> _SOURCE DATA_:
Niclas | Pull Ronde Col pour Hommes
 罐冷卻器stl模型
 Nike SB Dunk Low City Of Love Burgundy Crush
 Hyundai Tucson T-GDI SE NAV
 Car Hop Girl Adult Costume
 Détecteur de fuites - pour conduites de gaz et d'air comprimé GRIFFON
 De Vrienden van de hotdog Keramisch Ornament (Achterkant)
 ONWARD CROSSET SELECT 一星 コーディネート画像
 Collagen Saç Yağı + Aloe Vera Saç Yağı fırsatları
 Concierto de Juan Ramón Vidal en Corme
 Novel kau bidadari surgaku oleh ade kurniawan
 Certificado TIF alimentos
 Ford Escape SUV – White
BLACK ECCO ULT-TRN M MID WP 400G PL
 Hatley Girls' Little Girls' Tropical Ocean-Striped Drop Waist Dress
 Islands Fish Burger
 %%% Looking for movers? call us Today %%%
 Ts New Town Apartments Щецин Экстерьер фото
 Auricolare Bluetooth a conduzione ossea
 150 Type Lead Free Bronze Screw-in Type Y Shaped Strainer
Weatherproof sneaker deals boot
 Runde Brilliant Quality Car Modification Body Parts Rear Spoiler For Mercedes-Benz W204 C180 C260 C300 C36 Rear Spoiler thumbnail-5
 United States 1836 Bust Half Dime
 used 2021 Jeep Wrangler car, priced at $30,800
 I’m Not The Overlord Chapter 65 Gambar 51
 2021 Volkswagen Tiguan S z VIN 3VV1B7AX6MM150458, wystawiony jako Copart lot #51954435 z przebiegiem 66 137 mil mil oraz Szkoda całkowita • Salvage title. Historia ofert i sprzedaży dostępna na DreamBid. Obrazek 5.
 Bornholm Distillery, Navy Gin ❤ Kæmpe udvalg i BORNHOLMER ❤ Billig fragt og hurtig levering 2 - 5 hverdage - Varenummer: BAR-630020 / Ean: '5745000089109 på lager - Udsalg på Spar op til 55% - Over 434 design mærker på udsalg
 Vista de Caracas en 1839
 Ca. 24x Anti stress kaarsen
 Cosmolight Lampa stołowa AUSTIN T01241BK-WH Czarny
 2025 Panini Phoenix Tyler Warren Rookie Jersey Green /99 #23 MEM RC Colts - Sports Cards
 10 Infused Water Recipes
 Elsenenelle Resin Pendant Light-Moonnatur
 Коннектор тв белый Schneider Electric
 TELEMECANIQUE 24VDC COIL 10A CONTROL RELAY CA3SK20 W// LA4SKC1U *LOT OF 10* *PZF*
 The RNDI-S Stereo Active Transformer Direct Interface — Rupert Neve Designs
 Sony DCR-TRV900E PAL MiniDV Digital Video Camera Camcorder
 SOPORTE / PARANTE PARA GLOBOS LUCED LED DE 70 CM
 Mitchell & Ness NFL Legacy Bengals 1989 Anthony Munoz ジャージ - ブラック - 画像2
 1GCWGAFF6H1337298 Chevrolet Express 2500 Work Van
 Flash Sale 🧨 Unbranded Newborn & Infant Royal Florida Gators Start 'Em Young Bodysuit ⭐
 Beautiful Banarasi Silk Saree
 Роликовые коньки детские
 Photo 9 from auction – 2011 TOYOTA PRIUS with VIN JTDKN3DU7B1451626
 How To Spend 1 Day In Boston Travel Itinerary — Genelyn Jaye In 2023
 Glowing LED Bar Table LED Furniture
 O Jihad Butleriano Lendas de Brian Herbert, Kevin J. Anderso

> _WHAT YOU SHOULD DO_: With nothing added or dropped, reproduce all the data exactly.

> _SOLUTION TO THIS PROBLEM_:
Niclas | Pull Ronde Col pour Hommes
 罐冷卻器stl模型
 Nike SB Dunk Low City Of Love Burgundy Crush
 Hyundai Tucson T-GDI SE NAV
 Car Hop Girl Adult Costume
 Détecteur de fuites - pour conduites de gaz et d'air comprimé GRIFFON
 De Vrienden van de hotdog Keramisch Ornament (Achterkant)
 ONWARD CROSSET SELECT 一星 コーディネート画像
 Collagen Saç Yağı + Aloe Vera Saç Yağı fırsatları
 Concierto de Juan Ramón Vidal en Corme
 Novel kau bidadari surgaku oleh ade kurniawan
 Certificado TIF alimentos
 Ford Escape SUV – White
BLACK ECCO ULT-TRN M MID WP 400G PL
 Hatley Girls' Little Girls' Tropical Ocean-Striped Drop Waist Dress
 Islands Fish Burger
 %%% Looking for movers? call us Today %%%
 Ts New Town Apartments Щецин Экстерьер фото
 Auricolare Bluetooth a conduzione ossea
 150 Type Lead Free Bronze Screw-in Type Y Shaped Strainer
Weatherproof sneaker deals boot
 Runde Brilliant Quality Car Modification Body Parts Rear Spoiler For Mercedes-Benz W204 C180 C260 C300 C36 Rear Spoiler thumbnail-5
 United States 1836 Bust Half Dime
 used 2021 Jeep Wrangler car, priced at $30,800
 I’m Not The Overlord Chapter 65 Gambar 51
 2021 Volkswagen Tiguan S z VIN 3VV1B7AX6MM150458, wystawiony jako Copart lot #51954435 z przebiegiem 66 137 mil mil oraz Szkoda całkowita • Salvage title. Historia ofert i sprzedaży dostępna na DreamBid. Obrazek 5.
 Bornholm Distillery, Navy Gin ❤ Kæmpe udvalg i BORNHOLMER ❤ Billig fragt og hurtig levering 2 - 5 hverdage - Varenummer: BAR-630020 / Ean: '5745000089109 på lager - Udsalg på Spar op til 55% - Over 434 design mærker på udsalg
 Vista de Caracas en 1839
 Ca. 24x Anti stress kaarsen
 Cosmolight Lampa stołowa AUSTIN T01241BK-WH Czarny
 2025 Panini Phoenix Tyler Warren Rookie Jersey Green /99 #23 MEM RC Colts - Sports Cards
 10 Infused Water Recipes
 Elsenenelle Resin Pendant Light-Moonnatur
 Коннектор тв белый Schneider Electric
 TELEMECANIQUE 24VDC COIL 10A CONTROL RELAY CA3SK20 W// LA4SKC1U *LOT OF 10* *PZF*
 The RNDI-S Stereo Active Transformer Direct Interface — Rupert Neve Designs
 Sony DCR-TRV900E PAL MiniDV Digital Video Camera Camcorder
 SOPORTE / PARANTE PARA GLOBOS LUCED LED DE 70 CM
 Mitchell & Ness NFL Legacy Bengals 1989 Anthony Munoz ジャージ - ブラック - 画像2
 1GCWGAFF6H1337298 Chevrolet Express 2500 Work Van
 Flash Sale 🧨 Unbranded Newborn & Infant Royal Florida Gators Start 'Em Young Bodysuit ⭐
 Beautiful Banarasi Silk Saree
 Роликовые коньки детские
 Photo 9 from auction – 2011 TOYOTA PRIUS with VIN JTDKN3DU7B1451626
 How To Spend 1 Day In Boston Travel Itinerary — Genelyn Jaye In 2023
 Glowing LED Bar Table LED Furniture
 O Jihad Butleriano Lendas de Brian Herbert, Kevin J. Anderso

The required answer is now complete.